Monday, February 8, 2010

Tea Party Foreign Policy

Fox News Sunday featured and interview with Sarah Palin in the wake of her appearance at the Tea Party convention in Nashville.

In one of the clips they featured, Palin had this to say:

"Treating this like a mere law enforcement matter places our country at great risk," she said. "To win that war, we need a commander-in-chief, not a professor of law standing at the lectern."

Palin, in a pre-taped interview with "Fox News Sunday" earlier in Nashville, said the way Obama is approaching national security is causing an "uneasiness" among many Americans.

"We are in war," Palin said.
I am wholeheartedly in agreement with the Tea Party principles of smaller and smarter federal government. One that taxes less and, more importantly, spends less. By and large, these have the been the issues at the forefront of the Tea Party movement. If the Tea Party becomes nothing more than the next platform for the disastrous neoconservative foreign policy of the Bush years then they'll have to count me out.

I have also argued against civilian trials for terror suspects, but Palin seems to be arguing a larger point and hinting that Palin '12 could mean no end to the wars in Iraq and Afghanistan.

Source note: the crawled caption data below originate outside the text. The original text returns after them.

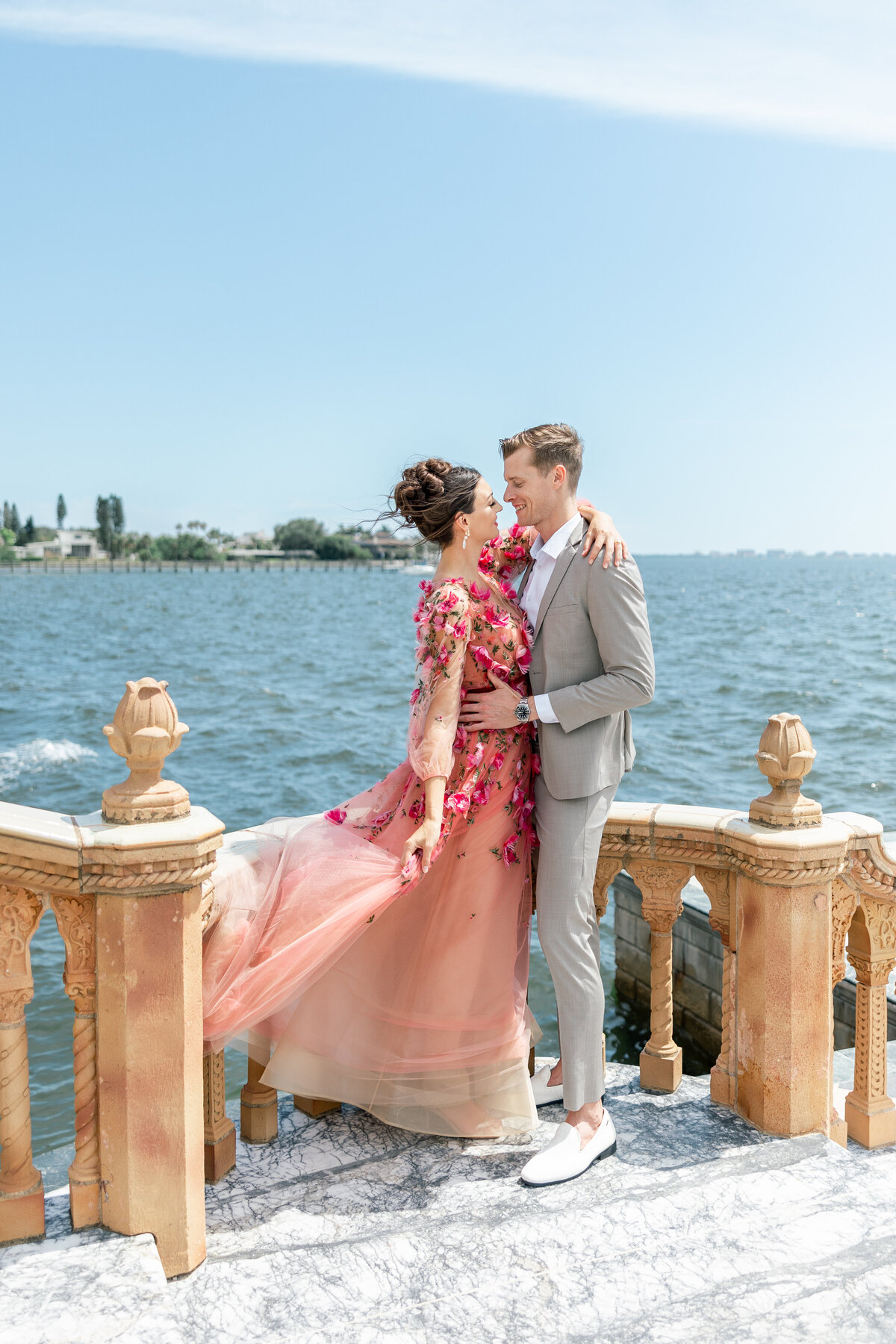 couple smiling at each other in front of the ocean by wedding photographer in sarasota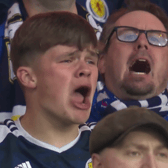 Scotland fans sing the Flower of Scotland before the England game. 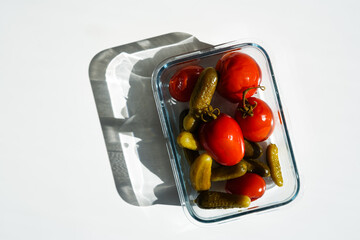 Pickled tomatoes with tails and cucumbers in a glass container on a white background with a nice shadow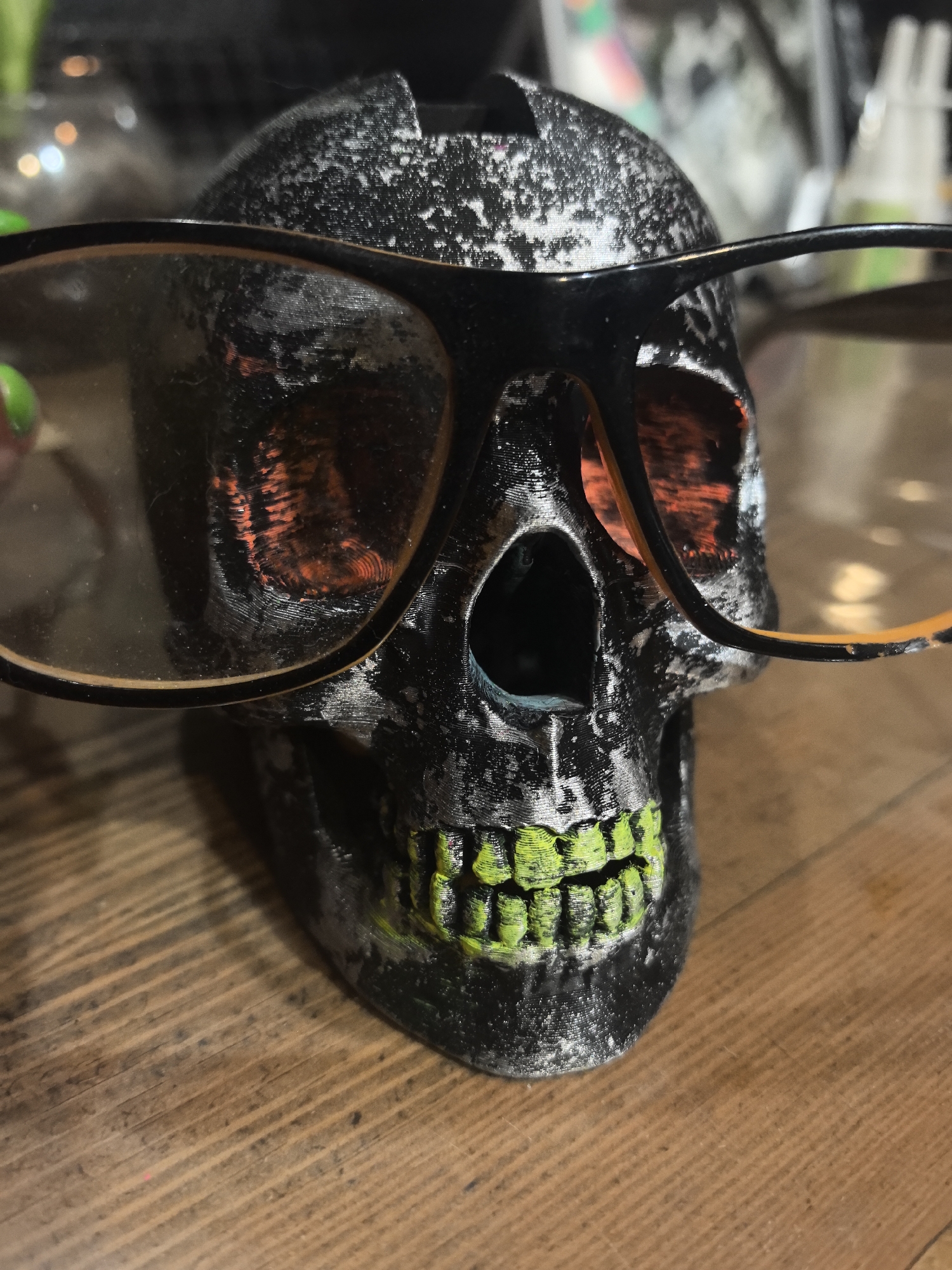 A close-up shot of a black and white skull with bright green teeth wearing black-rimmed glasses, resting on a wooden surface. The background is blurred and indistinct, but appears to show other objects. The image appears to be taken indoors. The city and country of Noviy, Russia are not evident in the image.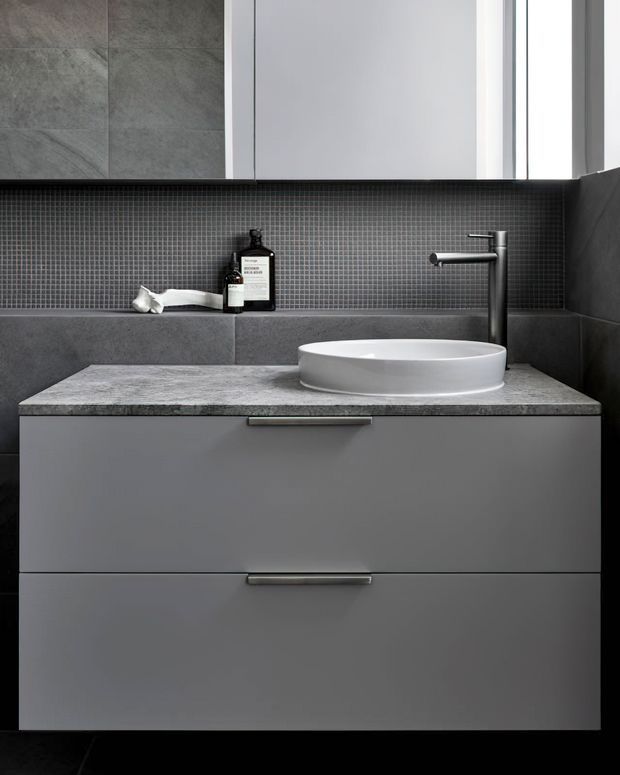 Contemporary bathroom vanity with a wall-mounted grey drawer cabinet, mottled grey stone benchtop, white round vessel basin, dark grey micro-mosaic tiled splashback, charcoal wall tiles, and a minimalist black tap. A large mirror and narrow window add brightness to the otherwise monochromatic space.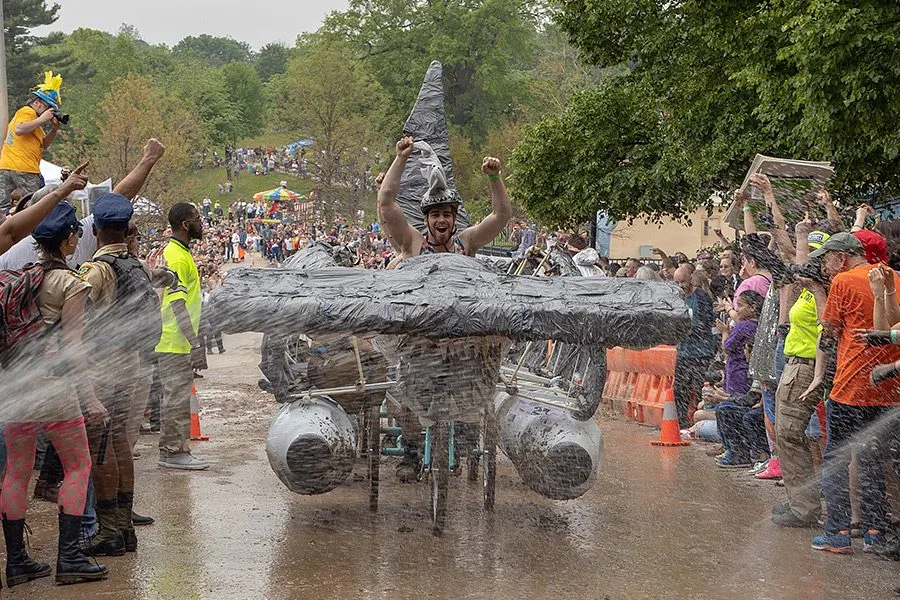 Cresting the mud hill, the rider's arms up and the crowd cheering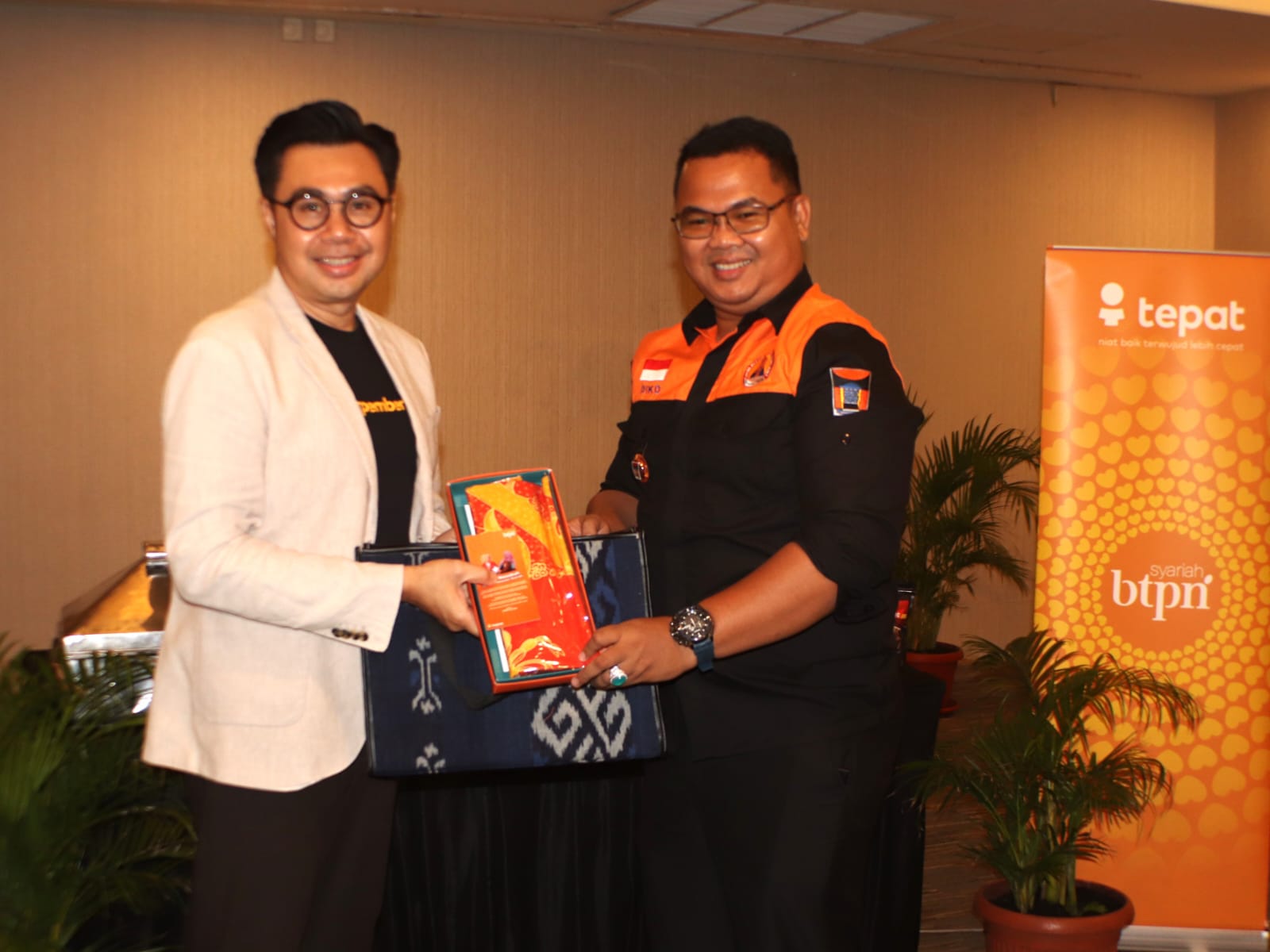 Corporate & Marketing Communication Head BTPN Syariah Ainul Yaqin menyerahkan cenderamata kepada Camat Padang Timur Diko Eka Putra .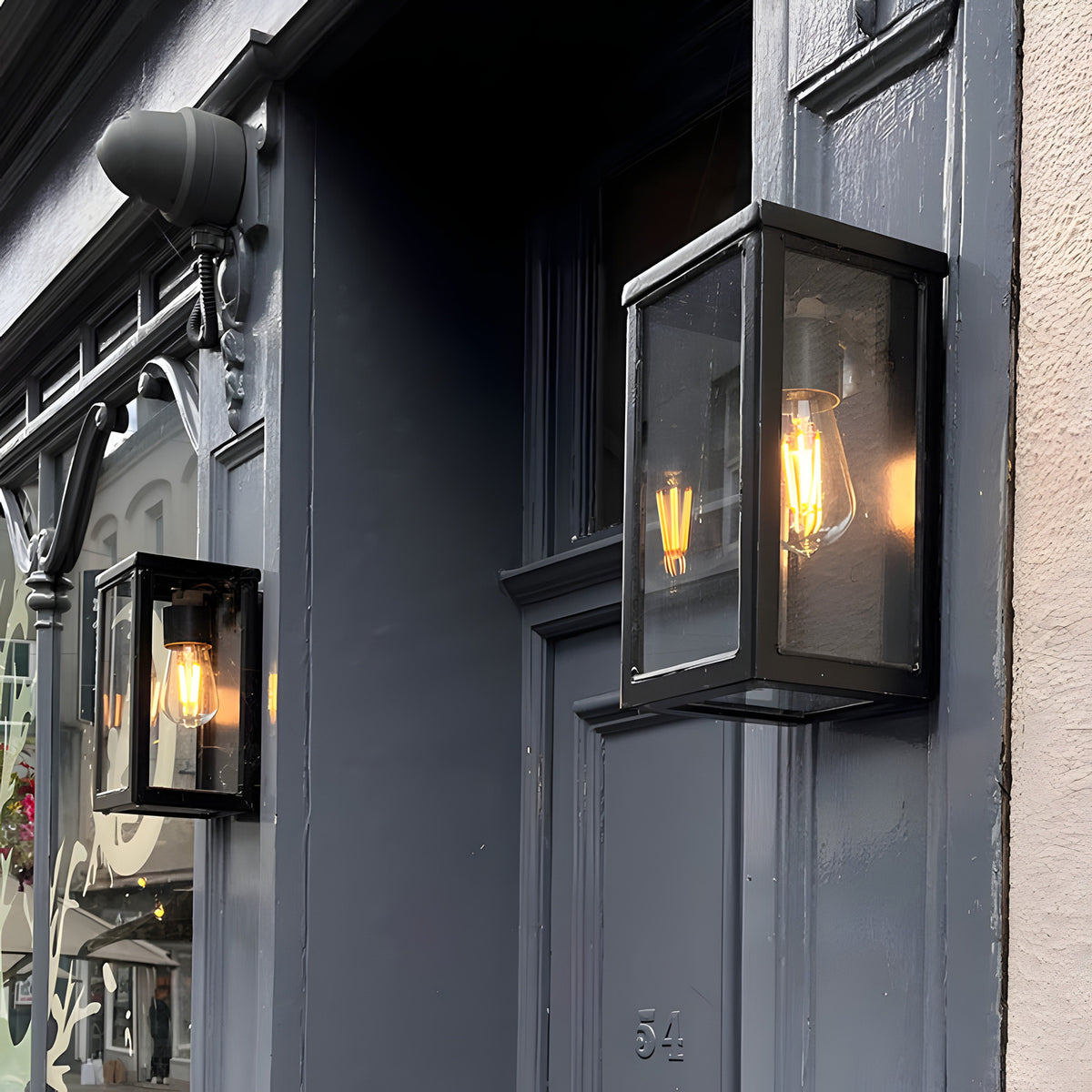 Contemporary Box Wall Lantern in black with clear glazing and exposed bulb, mounted beside a grey doorway on a shopfront exterior.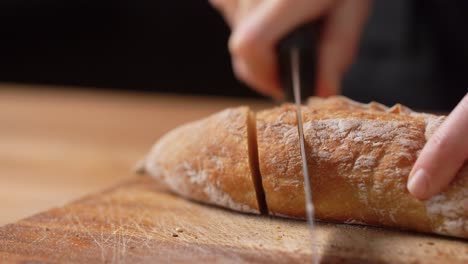 Panadera-Cortando-Pan-Casero-En-La-Panadería.-Concepto-De-Cocina,-Repostería-Y-Personas:-Panadera-Con-Cuchillo-Cortando-Pan-En-Rebanadas-En-La-Panadería-O-La-Cocina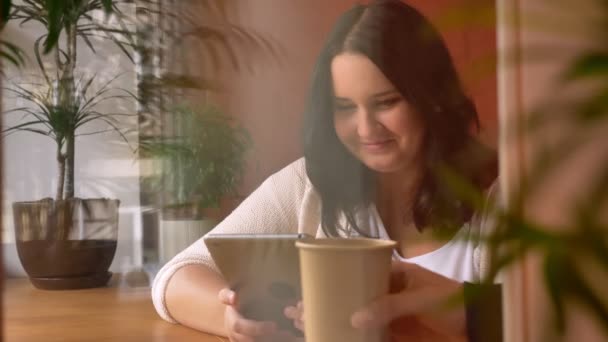 Добре нагодована смішна біла дівчина дивиться на планшет і має каву поруч з вікном — стокове відео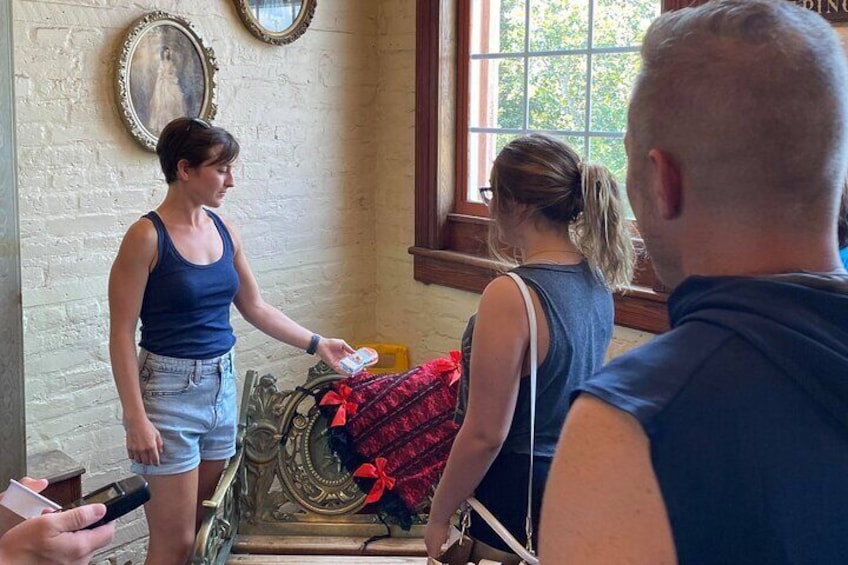 Une femme, vêtue d’un débardeur bleu et d’un short en jean, tient un téléphone et se tient près d’une fenêtre. Une couverture rouge est posée sur une chaise. 1
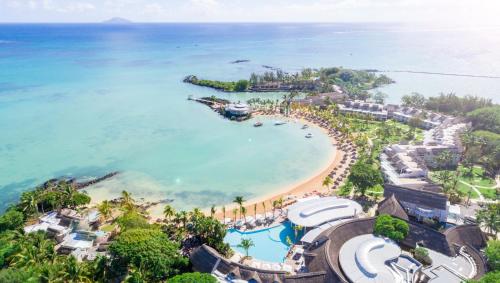 an aerial view of the beach at a resort at LUX* Grand Gaube Resort & Villas in Grand Gaube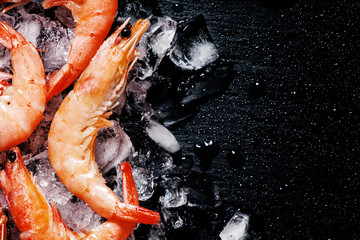 Obraz na płótnie Canvas Food background, frozen cooked shrimp with ice, black background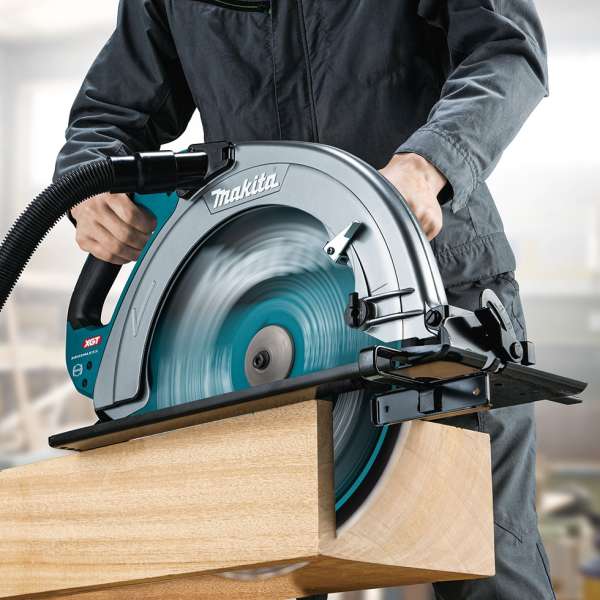 Operator cutting large-section timber with the Makita HS013GZ 40V cordless circular saw connected to a dust hose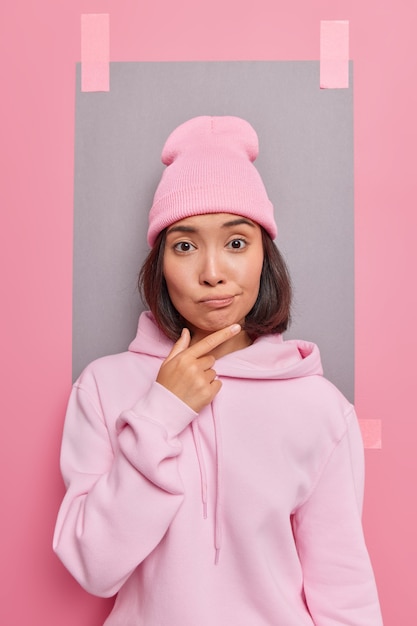 Pensativa mujer asiática milenaria sostiene la barbilla tiene expresión dudosa, considera una sugerencia interesante vestida con una sudadera con capucha informal y poses de sombrero contra la pared rosa con una hoja de papel enlucida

I know there are some that see the contradiction in simultaneously arguing for smaller government and enormous military expenditures, but judging by the reaction to Palin's speech those folks hadn't made it to Nashville.

2 comments:

Dad29 said...

Levin has his shorts all in a bundle; he seems to like the TR/Wilson/BushI/BushII "globocop" thing and he proclaims that to be a 'Constitutional mandate' of some sort.

Yah, well.

Anonymous said...

Neocons ARE hijacking the Tea Party Movement, through people like John Press of the Brooklyn Tea Party, a shill radical Zionism. Watch out for the term "Culturism." It's an ideology that claims the supposed majority culture--whatever the Culturists define as the majority culture--has the right to further entrench itself by force. The US Constitution doesn't privilege cultures any more than it does religions or political parties.